> What the task asks
Copy out exactly the lines below that run from the one holding "Rk Italian Boy Hotel" to the one holding "Salina De La Renta art model pictures", keeping both of those lines and no others.

> Data for this task
--*--

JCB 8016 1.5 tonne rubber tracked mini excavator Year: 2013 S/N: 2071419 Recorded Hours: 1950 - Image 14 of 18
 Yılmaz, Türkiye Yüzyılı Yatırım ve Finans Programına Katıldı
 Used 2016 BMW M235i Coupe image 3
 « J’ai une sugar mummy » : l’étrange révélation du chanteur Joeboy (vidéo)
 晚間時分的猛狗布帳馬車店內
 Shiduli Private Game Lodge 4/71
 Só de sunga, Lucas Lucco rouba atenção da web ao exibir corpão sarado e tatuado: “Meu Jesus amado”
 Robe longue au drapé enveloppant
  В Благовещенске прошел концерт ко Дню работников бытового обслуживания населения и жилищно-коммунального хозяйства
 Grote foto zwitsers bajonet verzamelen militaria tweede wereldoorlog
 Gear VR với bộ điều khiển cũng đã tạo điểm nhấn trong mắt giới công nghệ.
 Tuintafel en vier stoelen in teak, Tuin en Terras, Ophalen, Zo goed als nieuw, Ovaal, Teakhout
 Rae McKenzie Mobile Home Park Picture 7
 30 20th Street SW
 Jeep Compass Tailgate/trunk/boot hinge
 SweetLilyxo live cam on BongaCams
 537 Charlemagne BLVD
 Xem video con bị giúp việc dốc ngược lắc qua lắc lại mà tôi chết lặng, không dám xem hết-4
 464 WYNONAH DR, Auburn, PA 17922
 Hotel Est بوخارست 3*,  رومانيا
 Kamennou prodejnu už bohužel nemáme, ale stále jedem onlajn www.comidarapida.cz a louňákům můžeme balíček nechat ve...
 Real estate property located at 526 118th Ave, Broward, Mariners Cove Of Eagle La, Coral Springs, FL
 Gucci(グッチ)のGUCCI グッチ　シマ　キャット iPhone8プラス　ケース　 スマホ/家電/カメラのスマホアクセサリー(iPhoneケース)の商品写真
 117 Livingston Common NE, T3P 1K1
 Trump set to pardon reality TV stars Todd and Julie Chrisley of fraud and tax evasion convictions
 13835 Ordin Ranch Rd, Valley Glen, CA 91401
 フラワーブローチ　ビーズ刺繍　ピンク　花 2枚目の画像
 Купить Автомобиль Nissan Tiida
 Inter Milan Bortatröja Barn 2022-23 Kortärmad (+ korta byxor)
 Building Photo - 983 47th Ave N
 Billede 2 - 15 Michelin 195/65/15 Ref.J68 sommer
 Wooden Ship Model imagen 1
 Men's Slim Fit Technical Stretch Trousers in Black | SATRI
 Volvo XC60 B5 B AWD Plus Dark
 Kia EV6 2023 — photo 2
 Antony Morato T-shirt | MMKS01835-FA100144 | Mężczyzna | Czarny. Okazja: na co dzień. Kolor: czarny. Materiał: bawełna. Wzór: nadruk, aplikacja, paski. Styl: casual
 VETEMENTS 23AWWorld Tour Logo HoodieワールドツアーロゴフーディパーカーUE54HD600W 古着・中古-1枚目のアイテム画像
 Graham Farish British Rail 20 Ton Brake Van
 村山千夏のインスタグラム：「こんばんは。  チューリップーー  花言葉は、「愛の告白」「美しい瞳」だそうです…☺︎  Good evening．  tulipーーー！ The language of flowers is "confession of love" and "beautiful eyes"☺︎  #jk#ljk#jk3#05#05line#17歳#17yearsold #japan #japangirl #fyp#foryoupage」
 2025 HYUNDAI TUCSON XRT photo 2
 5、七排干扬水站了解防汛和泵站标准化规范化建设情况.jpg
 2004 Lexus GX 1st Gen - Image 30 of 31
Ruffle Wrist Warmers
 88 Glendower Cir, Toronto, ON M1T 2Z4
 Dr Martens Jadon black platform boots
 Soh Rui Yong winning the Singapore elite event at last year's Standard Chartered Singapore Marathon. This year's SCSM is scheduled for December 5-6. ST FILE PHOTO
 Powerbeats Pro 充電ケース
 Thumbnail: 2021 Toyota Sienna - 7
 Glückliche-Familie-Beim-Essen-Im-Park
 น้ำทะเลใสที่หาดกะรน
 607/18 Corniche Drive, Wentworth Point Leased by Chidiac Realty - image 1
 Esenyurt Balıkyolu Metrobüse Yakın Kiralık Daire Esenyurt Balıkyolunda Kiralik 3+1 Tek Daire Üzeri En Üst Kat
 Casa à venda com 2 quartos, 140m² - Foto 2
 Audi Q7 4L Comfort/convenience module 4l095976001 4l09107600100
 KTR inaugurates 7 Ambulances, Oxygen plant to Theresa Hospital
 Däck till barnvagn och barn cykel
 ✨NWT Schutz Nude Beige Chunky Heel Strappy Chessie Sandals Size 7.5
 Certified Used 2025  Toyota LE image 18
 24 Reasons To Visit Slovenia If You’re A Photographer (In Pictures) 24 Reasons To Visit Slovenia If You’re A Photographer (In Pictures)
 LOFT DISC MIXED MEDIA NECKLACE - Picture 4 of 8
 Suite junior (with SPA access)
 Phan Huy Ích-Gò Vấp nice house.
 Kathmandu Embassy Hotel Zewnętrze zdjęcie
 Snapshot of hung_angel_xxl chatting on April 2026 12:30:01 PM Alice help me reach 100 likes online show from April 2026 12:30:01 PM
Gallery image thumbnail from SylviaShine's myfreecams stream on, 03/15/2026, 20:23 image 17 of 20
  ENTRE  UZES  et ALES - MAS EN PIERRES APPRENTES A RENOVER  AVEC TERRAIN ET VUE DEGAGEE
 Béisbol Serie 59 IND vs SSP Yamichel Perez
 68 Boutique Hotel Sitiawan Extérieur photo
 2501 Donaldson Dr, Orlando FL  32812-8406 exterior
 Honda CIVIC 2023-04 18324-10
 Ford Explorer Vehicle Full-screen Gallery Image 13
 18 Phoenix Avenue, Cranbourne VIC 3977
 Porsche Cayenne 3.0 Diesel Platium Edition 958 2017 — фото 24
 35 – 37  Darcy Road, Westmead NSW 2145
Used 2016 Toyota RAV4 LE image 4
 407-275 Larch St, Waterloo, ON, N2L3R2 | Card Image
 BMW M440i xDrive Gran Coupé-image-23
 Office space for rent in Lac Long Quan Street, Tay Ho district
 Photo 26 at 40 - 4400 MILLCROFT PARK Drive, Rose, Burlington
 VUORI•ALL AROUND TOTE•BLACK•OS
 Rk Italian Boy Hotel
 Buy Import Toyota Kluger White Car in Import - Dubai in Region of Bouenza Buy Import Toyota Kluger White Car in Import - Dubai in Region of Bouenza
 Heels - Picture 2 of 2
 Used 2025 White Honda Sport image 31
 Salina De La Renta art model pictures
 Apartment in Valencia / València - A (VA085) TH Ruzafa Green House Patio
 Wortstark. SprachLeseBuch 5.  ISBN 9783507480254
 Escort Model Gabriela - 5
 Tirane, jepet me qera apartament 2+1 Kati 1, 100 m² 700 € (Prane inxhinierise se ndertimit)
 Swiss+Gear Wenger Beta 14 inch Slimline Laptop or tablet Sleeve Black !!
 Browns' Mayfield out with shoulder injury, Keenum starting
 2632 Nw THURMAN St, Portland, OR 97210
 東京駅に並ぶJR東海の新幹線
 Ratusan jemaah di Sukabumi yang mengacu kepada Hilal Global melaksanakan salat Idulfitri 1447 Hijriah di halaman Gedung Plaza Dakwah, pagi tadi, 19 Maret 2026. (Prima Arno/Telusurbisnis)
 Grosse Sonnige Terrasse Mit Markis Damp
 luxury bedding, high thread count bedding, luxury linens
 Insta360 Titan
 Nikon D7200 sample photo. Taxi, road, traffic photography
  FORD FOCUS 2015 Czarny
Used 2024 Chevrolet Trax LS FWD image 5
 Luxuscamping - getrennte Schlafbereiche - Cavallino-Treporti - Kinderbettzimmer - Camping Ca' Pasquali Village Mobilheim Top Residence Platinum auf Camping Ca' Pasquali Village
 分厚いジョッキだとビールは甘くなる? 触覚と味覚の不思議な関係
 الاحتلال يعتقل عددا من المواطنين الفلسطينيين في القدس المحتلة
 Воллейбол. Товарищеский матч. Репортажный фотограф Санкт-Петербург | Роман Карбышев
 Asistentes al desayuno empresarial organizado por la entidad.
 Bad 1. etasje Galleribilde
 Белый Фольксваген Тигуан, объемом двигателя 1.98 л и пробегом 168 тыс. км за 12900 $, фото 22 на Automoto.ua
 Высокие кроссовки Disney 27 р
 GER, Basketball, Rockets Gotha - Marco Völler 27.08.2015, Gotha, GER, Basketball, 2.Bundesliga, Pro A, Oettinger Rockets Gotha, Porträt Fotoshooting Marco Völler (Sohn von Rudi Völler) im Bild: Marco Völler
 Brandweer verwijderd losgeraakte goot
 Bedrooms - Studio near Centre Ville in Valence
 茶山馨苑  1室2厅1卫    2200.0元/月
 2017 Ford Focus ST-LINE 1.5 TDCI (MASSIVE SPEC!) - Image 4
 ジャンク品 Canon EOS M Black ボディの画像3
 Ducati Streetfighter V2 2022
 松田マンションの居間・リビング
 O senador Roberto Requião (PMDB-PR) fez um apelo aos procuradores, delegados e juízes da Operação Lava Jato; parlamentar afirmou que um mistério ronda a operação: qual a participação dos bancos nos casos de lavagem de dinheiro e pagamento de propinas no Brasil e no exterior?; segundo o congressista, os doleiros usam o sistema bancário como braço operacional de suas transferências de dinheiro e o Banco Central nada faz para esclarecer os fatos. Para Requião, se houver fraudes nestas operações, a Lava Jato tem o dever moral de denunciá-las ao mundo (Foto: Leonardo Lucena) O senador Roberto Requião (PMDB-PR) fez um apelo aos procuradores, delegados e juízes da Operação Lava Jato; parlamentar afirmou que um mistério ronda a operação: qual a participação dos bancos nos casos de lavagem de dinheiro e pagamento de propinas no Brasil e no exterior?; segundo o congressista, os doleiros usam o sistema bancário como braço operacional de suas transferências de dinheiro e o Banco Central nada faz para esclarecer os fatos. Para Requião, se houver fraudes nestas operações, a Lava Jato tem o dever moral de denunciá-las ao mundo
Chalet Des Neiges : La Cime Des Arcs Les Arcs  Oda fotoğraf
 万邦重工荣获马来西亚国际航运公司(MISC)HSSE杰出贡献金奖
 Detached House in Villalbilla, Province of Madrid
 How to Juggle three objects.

--*--

> Your response
 Rk Italian Boy Hotel
 Buy Import Toyota Kluger White Car in Import - Dubai in Region of Bouenza Buy Import Toyota Kluger White Car in Import - Dubai in Region of Bouenza
 Heels - Picture 2 of 2
 Used 2025 White Honda Sport image 31
 Salina De La Renta art model pictures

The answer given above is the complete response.